When you are told you have high cholesterol, you assume it comes from eating too much fat, right? That’s what we’ve been told for years and after all, cholesterol is a lipid of “fat”… however, if you think high cholesterol is due to a high-fat diet, you’re wrong. Very little fat from foods actually becomes cholesterol. What makes high cholesterol is consumption of sugar, soda, candy, cake, potato chips, bread, pasta and other carbohydrates. High cholesterol and triglycerides almost always occur as a consequence of eating too many sweets, not butter or eggs!
If your body turns excess sugar into cholesterol, and statins reduce the cholesterol formation, then where does all the sugar go when you take a statin drug?

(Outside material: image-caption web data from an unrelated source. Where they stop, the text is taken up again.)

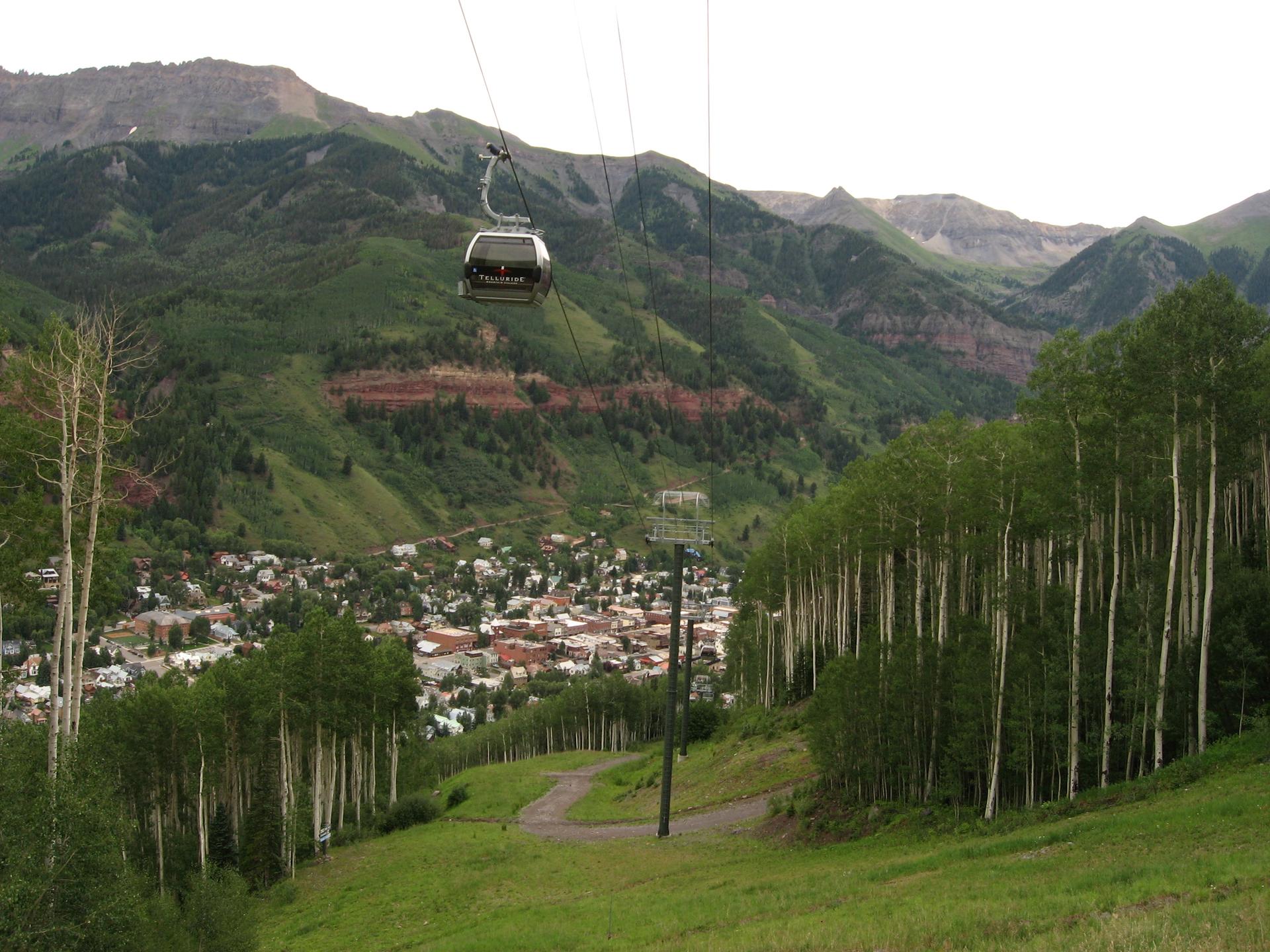 Gondola cabin over a mountain town with green slopes and aspen trees.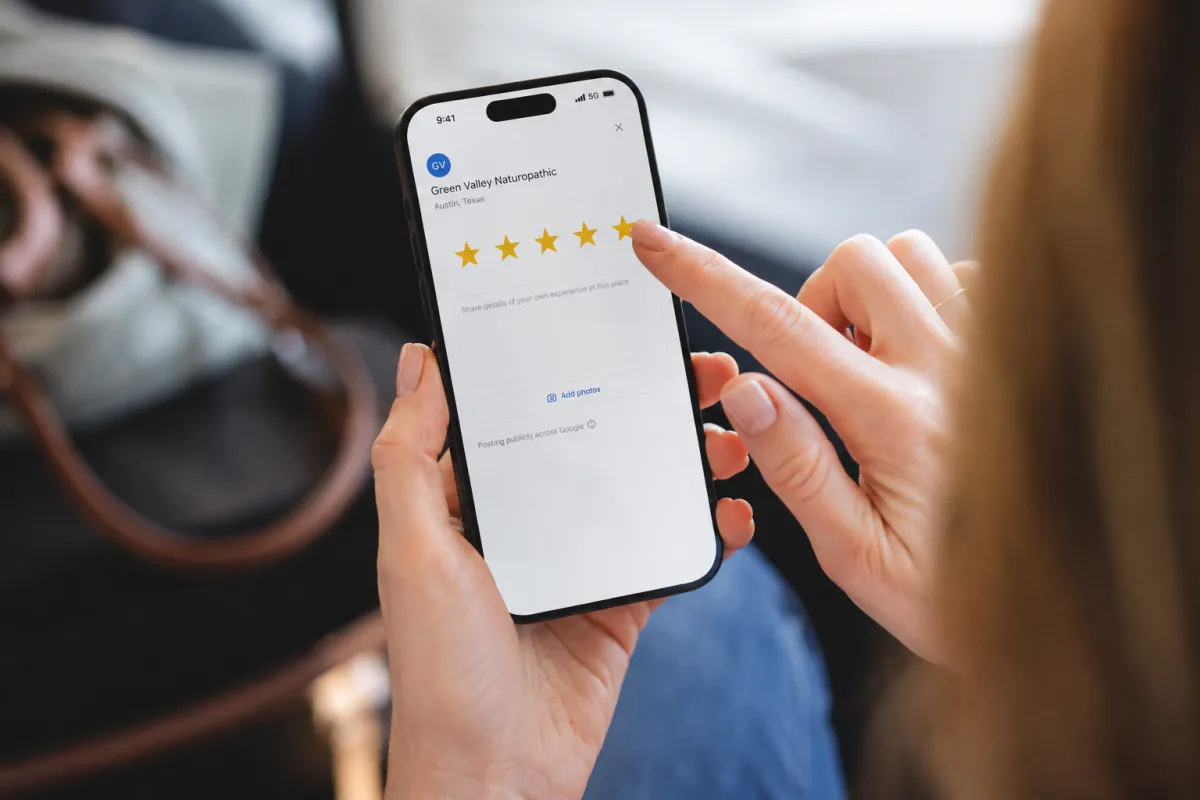 Patient leaving a five-star Google review for her naturopathic clinic on her phone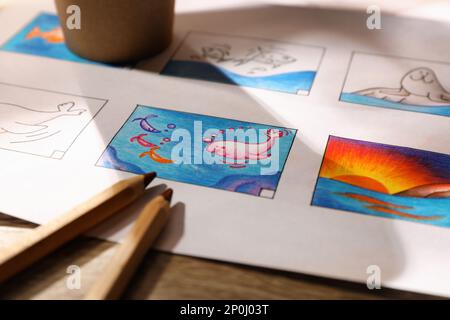 Pre Processing Cartoon Storyboard with cartoon sketches at workplace, closeup. Pre-production ...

It’s a good question, and I need to give you an answer so you can get started down the path to getting well! If you tell your liver to “knock it off and stop making cholesterol”, then it’s going to push all that sugar (glucose) back out of the liver and into your blood stream, rather than turn it into cholesterol. It’s just going to lock the door and tell the sugar, “Get out!”
You may know this already but just in case, when your doctor finds excess sugar in your blood, you’re told you have diabetes. Then you start driving in the fast lane of a multi-billion dollar business, one complete with shots, drugs and scary complications (amputations, blindness). Yet if we personally met and you told me you had diabetes, the first thing I’d ask is, “Are you taking a statin?”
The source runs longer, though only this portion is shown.